Notre mission est donc d’intérêt général et d’intérêt social.
L’avocat n’est pas à proprement parler un auxiliaire de justice, mais un organe légal d’accès au droit et à la justice.
Il apporte son concours à la solution des litiges que le juge est chargé de trancher.
Mais, au contraire du juge, l’avocat a un devoir de partialité puisqu’il défend une cause et des intérêts particuliers contre l’autorité publique ou contre d’autres intérêts particuliers concurrents.
Notre code poursuit en précisant que :
« L’avocat est tenu des devoirs suivants :
a) la défense et le conseil du client en toute indépendance et liberté » (article 1.2 (a) du code de déontologie)
L’avocat doit donc exercer sa mission de façon libre et indépendante, gage de la relation de confiance avec le client et de l’efficacité de sa défense.
Cette indépendance doit avant tout s’accrocher à une réflexion individuelle sur la manière dont chacun approche sa pratique professionnelle.
Il s’agit d’une vigilance constante dans ses relations avec des proches, des clients, des confrères, ceux dont on dépend financièrement, etc. ;
Et pourtant, l’indépendance reste une qualité mentale aux contours vagues, difficile à interpréter dans la réalité du travail.
En effet, l’indépendance parfaite est un mythe : les convictions politiques, les croyances religieuses, les amitiés, les relations sociales, les obligations financières, pour ne pas parler de l’inconscient sont autant d’éléments susceptibles d’influencer la liberté de jugement et l’indépendance dans la conduite du métier.
De plus, l’indépendance, liée à l’honnêteté intellectuelle et morale de chacun, est aussi la qualité publique du comportement attendu de l’avocat, étanche aux pressions et influences inopportunes.
L’avocat construira cette indépendance sur plusieurs plans :
À l’égard de lui-même en plaçant la fidélité aux valeurs de la profession plus haut que la satisfaction de ses intérêts particuliers, de ses propres convictions ou opinions.
À l’égard des pouvoirs politique, économique ou social, aux pressions desquels il résistera.

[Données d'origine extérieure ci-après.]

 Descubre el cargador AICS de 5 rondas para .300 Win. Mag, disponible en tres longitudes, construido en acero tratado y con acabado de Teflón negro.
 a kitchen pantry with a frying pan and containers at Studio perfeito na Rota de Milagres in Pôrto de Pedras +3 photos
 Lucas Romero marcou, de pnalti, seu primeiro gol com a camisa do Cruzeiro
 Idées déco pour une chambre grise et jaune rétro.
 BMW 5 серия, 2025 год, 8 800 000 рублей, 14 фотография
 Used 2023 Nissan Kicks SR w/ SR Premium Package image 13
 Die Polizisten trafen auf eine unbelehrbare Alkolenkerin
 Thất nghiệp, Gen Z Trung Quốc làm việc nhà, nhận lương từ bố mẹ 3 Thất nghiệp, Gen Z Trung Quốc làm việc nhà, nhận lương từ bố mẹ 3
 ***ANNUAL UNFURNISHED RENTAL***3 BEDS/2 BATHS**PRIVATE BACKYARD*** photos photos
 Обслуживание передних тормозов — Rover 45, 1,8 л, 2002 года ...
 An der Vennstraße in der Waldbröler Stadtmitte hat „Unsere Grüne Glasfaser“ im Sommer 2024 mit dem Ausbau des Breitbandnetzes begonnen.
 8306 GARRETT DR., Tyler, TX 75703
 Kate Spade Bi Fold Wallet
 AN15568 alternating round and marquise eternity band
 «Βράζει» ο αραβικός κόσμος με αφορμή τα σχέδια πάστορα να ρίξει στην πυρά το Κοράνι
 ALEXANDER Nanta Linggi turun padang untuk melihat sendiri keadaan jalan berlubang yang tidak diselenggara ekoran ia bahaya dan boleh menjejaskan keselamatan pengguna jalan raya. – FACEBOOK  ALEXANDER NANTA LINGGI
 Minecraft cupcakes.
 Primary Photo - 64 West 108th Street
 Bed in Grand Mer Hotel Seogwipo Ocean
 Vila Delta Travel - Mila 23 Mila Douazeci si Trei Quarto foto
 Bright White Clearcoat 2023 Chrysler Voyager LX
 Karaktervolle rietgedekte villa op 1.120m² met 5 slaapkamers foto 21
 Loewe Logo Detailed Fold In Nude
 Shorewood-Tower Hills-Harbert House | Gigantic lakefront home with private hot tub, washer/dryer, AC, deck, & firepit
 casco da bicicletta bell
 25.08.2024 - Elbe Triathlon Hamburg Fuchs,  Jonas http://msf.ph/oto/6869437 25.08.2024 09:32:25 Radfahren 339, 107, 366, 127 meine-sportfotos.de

À l’égard du client dont il demeure un conseiller, auquel il n’a pas à obéir même s’il a à en recevoir un mandat pour agir en son nom devant les tribunaux. L’avocat reste libre d’accepter ou de refuser une cause, d’user ou non de tel moyen en vue de telle fin. Il orientera, triera, formalisera les demandes du client. Parfois même, il lui incombera de canaliser l’agressivité du client.
À l’égard du parquet et de l’adversaire de son client auxquels l’avocat doit rester libre d’apporter une contradiction loyale mais ferme.
À l’égard de l’institution judiciaire et de la magistrature auxquelles il doit respect sans pour autant y être aucunement subordonné.
Fort de ces principes, l’avocat se gardera notamment de s’identifier verbalement à son client, de prendre à son compte des reproches ou des accusations dirigées contre l’autre partie, contre son avocat ou contre des tiers, de paraître pour le témoin ou le garant de son client, de défendre les intérêts d’un proche, d’accepter des thèses qui sont contraires aux pièces du dossier, de nouer avec son client des relations qui compromettent son indépendance.